Participants Benefit from Advice, Survey Shows

The sampling size was small, but a recent survey found that participants who got financial advice held more funds and enjoyed a higher rate of return than those who didn’t.

The study of 401(k) participants at twelve Midwest mid-size firms conducted by Francis Investment Counsel found that participants who received financial advice held an average of 8.67 funds versus 4.98 funds for those who did not receive advice.  In addition, those who received financial advice achieved a 3-year annualized rate of return ending 6/30/10 that was an average 2.67 percentage points better than those who did not receive advice. 

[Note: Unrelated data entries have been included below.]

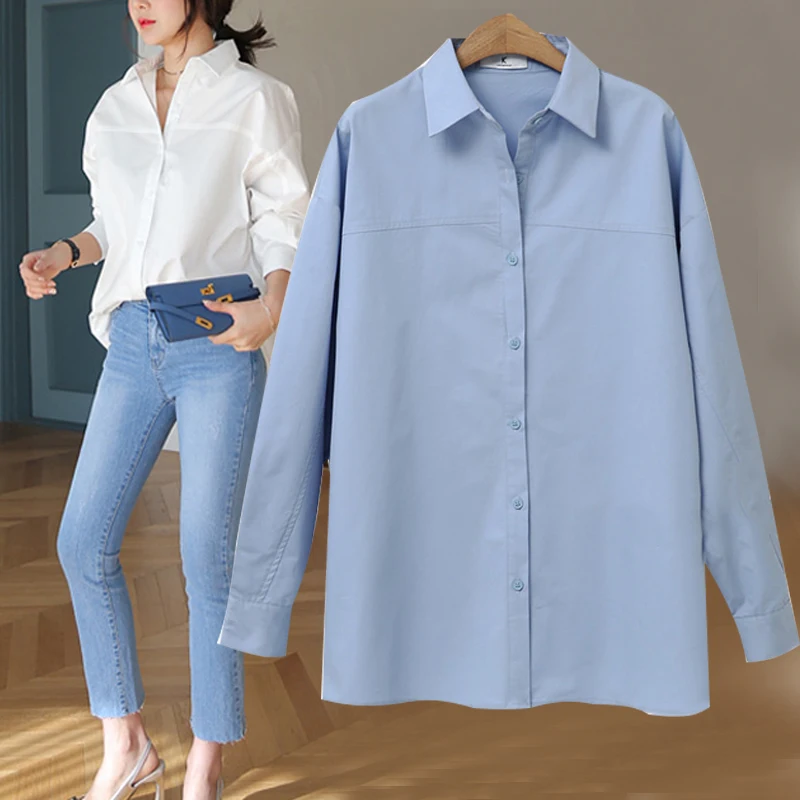 

Casual Women's Shirt Feminine Blouse Top Long Sleeve Casual White and Blue Loose Blouses OL Style Women Shirts 2019 Spring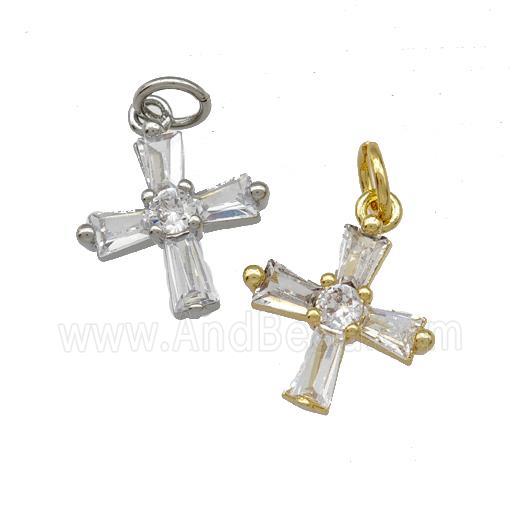 Copper Cross Pendant Pave Zirconia Mixed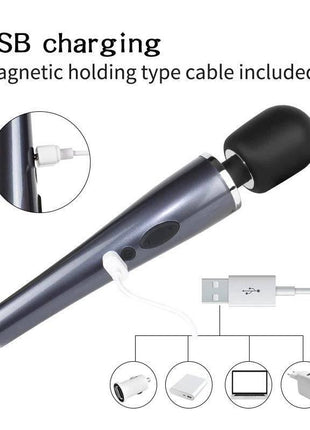 Wand Massager Relyme USB Silicone Black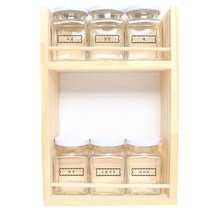 핸드팩토리 양념통 사각 스몰 화이트캡 6p + 2단 양념통 우드선반 중 + 블랙네이밍 라벨, 1세트, 3종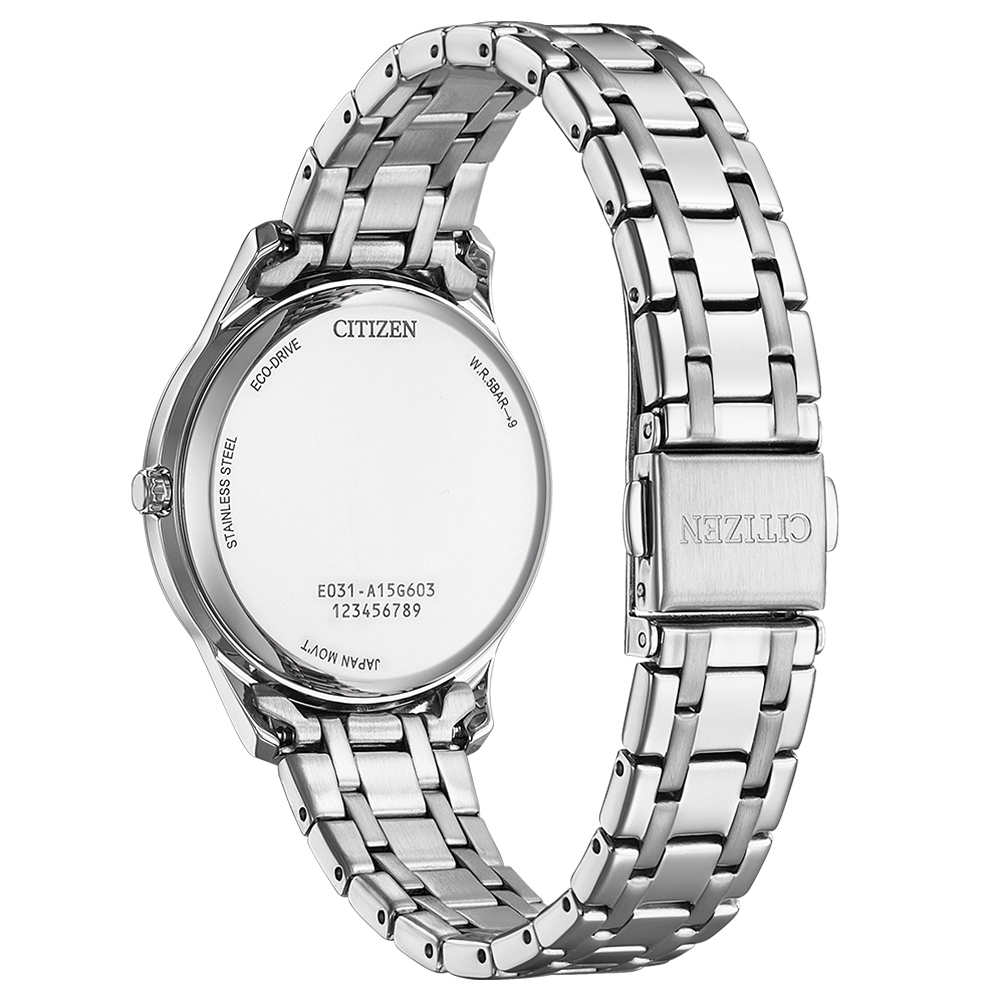 CITIZEN 星辰 光動能大三針時尚女錶 送禮-銀x粉紅/34mm EM0411-71X, , large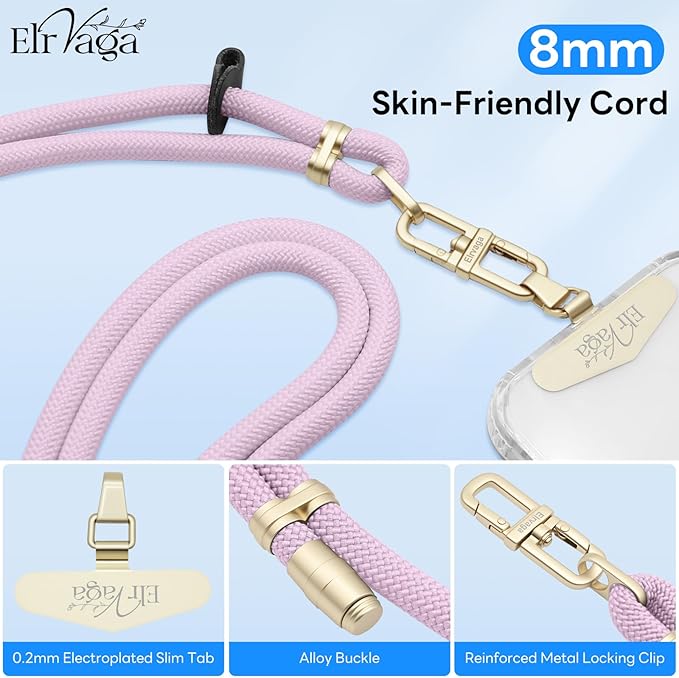 Adjustable Anti-Theft Phone Lanyard Neck & Crossbody Strap with 0.2mm Metal Tab & Comfort-Fit 8mm Rope (Light Purple)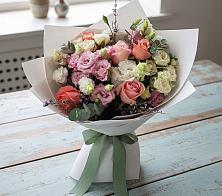 Букет цветов из:  Розы, Лизиантусы и Гвоздики #REPLACE_PRED# Менделеево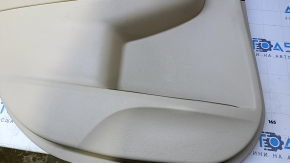 Door trim card rear left Toyota Camry v55 15-17 usa beige with beige insert plastic, armrest beige rubber, scratches, abrasions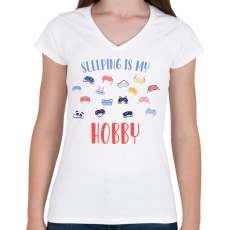 PRINTFASHION Sleeping is my hobby - Női V-nyakú póló - Fehér
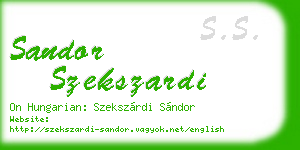 sandor szekszardi business card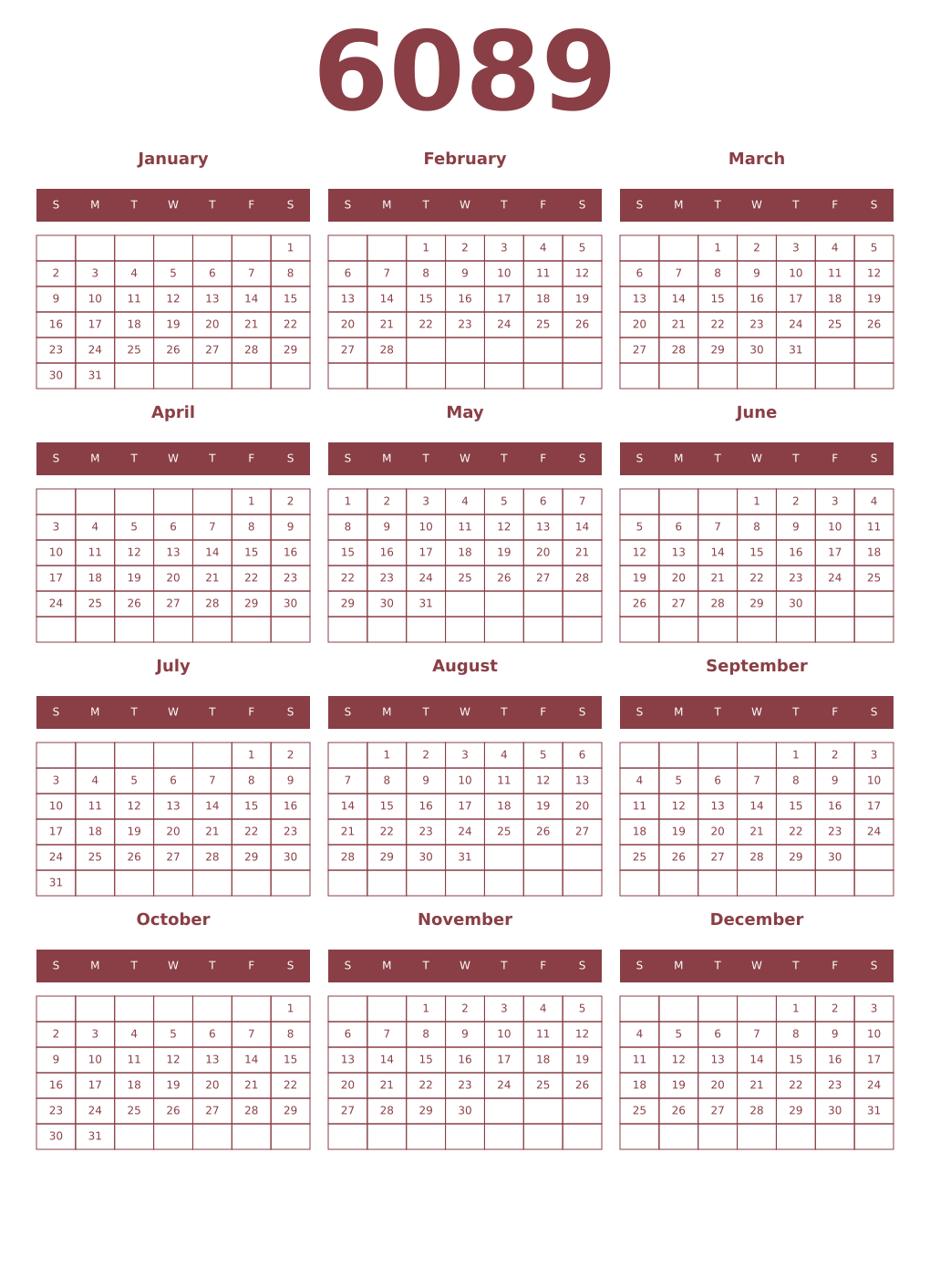 Printable 6089 Year Calendars cordovan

Moreover, the average account balance for participants who utilized financial advice was $107,558 vs. $44,178 for those who did not.  Francis Investment Counsel LLC, a fee-only registered investment adviser (RIA), retrieved personal rate of return and number of funds held from recordkeepers, the company reported.

“This survey demonstrates that face–to-face, one-on-one advice has a meaningful impact on participant returns,” said Kelli Send, Senior Vice President of Francis Investment Counsel LLC.  “As companies seek ways to help their employees better prepare for a comfortable retirement, this study suggests offering personalized education and advice is effective.”  

The twelve Midwest mid-size firms included in the study represent more than 7,400 plan participants.  Of these, a random sampling of approximately 25% of plan participants maintaining account balances was drawn for the survey.  These individuals were split into two study groups: those who had used Francis Investment Counsel one-on-one participant advisory services and those who did not.